How to Use Style Random in Midjourney

PLUS: OpenAI's coup, Stability AI's video generation, Runway's updates

In this newsletter, read about:

  • 🕵️‍♀️ Style Random

  • 🗞 News and Top Reads

  • 📌 AI Art Tutorial: Midjourney Style Sliders

  • 🎨 Featured Artist: David Szauder

  • 🖼 AI-Assisted Artwork of the Week

  • 🤓 A Comprehensive Midjourney Guide

🕵️‍♀️ Style Random

Today, I want to continue my series on Midjourney’s Style Tuner by exploring --style random. This feature gives you another opportunity to play with different styles, but it only provides a limited level of control. Yet, I believe most of the users are not aware that they can roughly control the variety of styles generated with --style random.

So, I’ll start with a brief introduction to this new feature. Then, we’ll experiment with different prompts and parameters to discover interesting styles, and finally, we’ll see how our newly discovered styles will play along with new prompts.

Intro to Style Random

If you are not familiar yet with Midjourney’s Style Tuner, start with my first post on this feature because, in this piece, I’ll assume you know the basics.

So, if you don’t want to spend more GPU credits on creating your Style Tuners or if you just want to experiment with some new interesting styles, without any particular aesthetics in mind, you can have lots of fun with --style random.

Basically, when you type --style random at the end of your prompt, Midjourney replaces “random” with a style code. But this code doesn’t need to be totally random.

As you probably remember, when you create your Style Tuners, you choose the number of visual directions to explore (i.e., 16, 32, 64, or 128). Then, you choose a certain number of favorite images among the generated samples. If you choose just a few options, your style will be very bold and specific. If you choose a lot of samples, the style will be less distinct.

When using --style random, you can also define the number of visual directions to explore.

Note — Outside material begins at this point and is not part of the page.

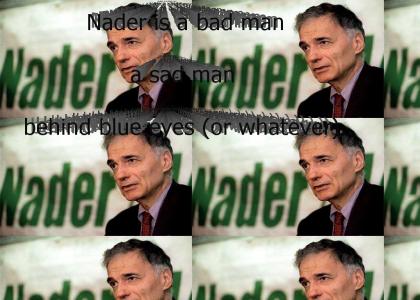 Nader is a sad, sad man...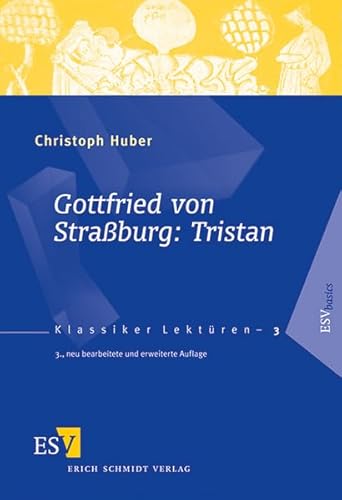 Gottfried von Straßburg: Tristan (Klassiker-Lektüren)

The more visual directions in play, the larger the pool of possible styles to explore. Furthermore, you can define the share of visual directions to be activated, thus controlling how distinct your “random” style is. To control these things, you’ll need to define the style in the following format: --style random-length-percentage.

For example, if you specify --style random-128-10, this means that you want 128 visual directions to be explored with 10% of these directions being activated. This will result in quite a distinct style.

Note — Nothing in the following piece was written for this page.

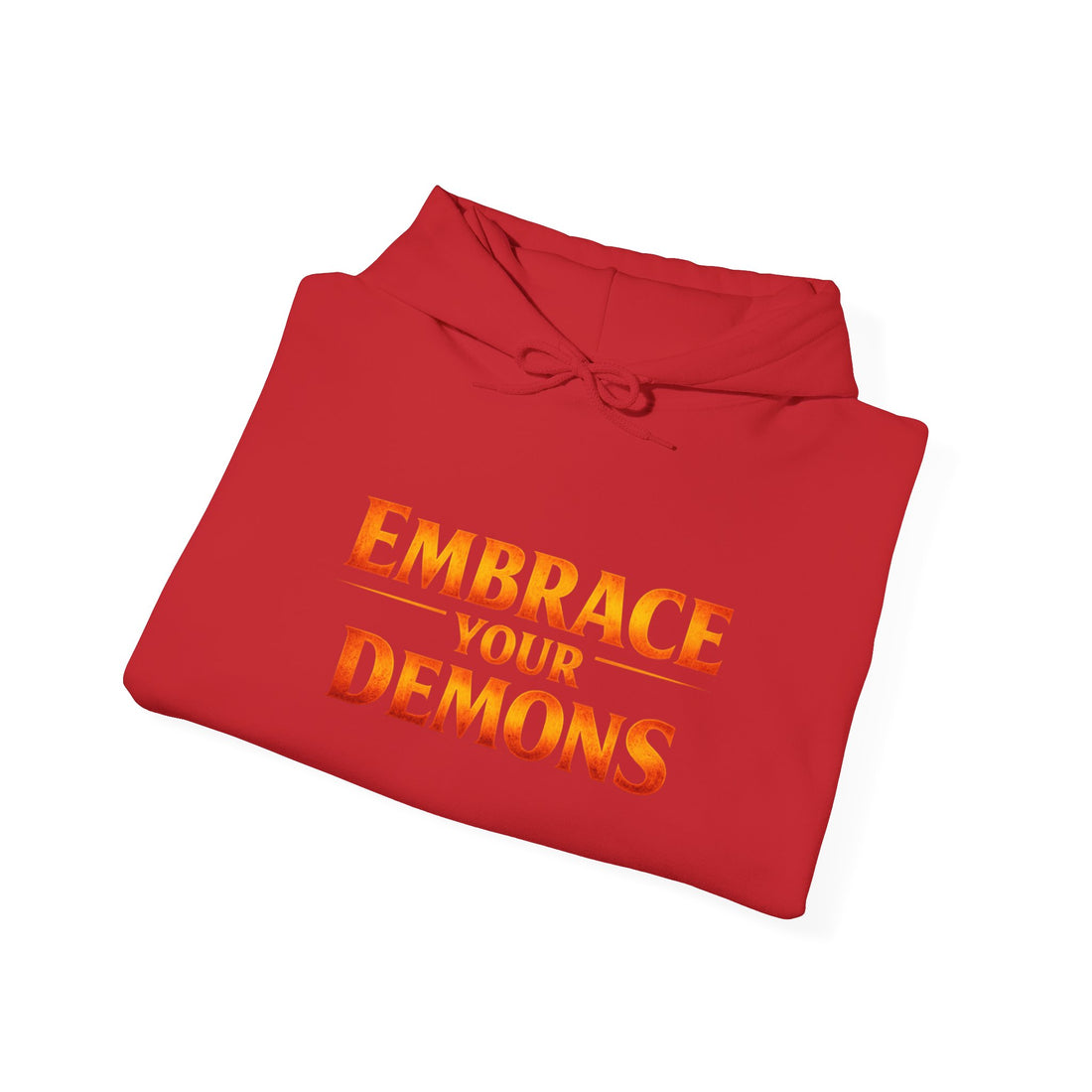 "Embrace Your Demons" Flame Hooded Sweatshirt (Small Flame, Big Courage)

Let’s see how these parameters work in practice.

Discovering New Styles

For the first image, I specified the style parameter as --style random-64-50.

a photo of a magical forest filled with enchanting creatures --style 2If8tN72LShJCel3Yzzijh48L --s 500

The images look similar, but still, the style is not very distinct as we activated 32 out of 64 visual directions. Let’s now try --style random-64-10.

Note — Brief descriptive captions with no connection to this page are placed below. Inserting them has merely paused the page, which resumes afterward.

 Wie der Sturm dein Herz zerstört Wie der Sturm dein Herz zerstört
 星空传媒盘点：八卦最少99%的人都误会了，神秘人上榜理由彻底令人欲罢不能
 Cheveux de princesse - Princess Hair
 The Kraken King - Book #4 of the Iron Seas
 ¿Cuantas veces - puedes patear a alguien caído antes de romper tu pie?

a photo of a magical forest filled with enchanting creatures --style 3T5r84swpvnBYVE0OWNqPoXf --s 500

Here the style is very distinct and specific. Though, not exactly my aesthetics 😂 

Let’s now try a different prompt. For the below images, I used the style --style random-128-75.

a portrait of a beautiful old black woman, colorful and sunny --style 3bRJc7JFQZ1ODrb7FUWVL9y7N6LpLDnqfDtJCmuixJ --s 500

Again, you can see that these beautiful images from the two grids have similar aesthetics, but the style is not so clear. Note that in this case, we activated 75% of 128 visual directions.

Now what if we activate only 10% of 128 visual directions? I.e., --style random-128-10.

a portrait of a beautiful old black woman, colorful and sunny --style dxSj7M5vSP7POsOD0SjTxbVByRo31sDfcyHYJmEDb --s 500

Again, the style looks very distinct. But in this case, I actually like it! Let’s try to use the generated style code for different prompts.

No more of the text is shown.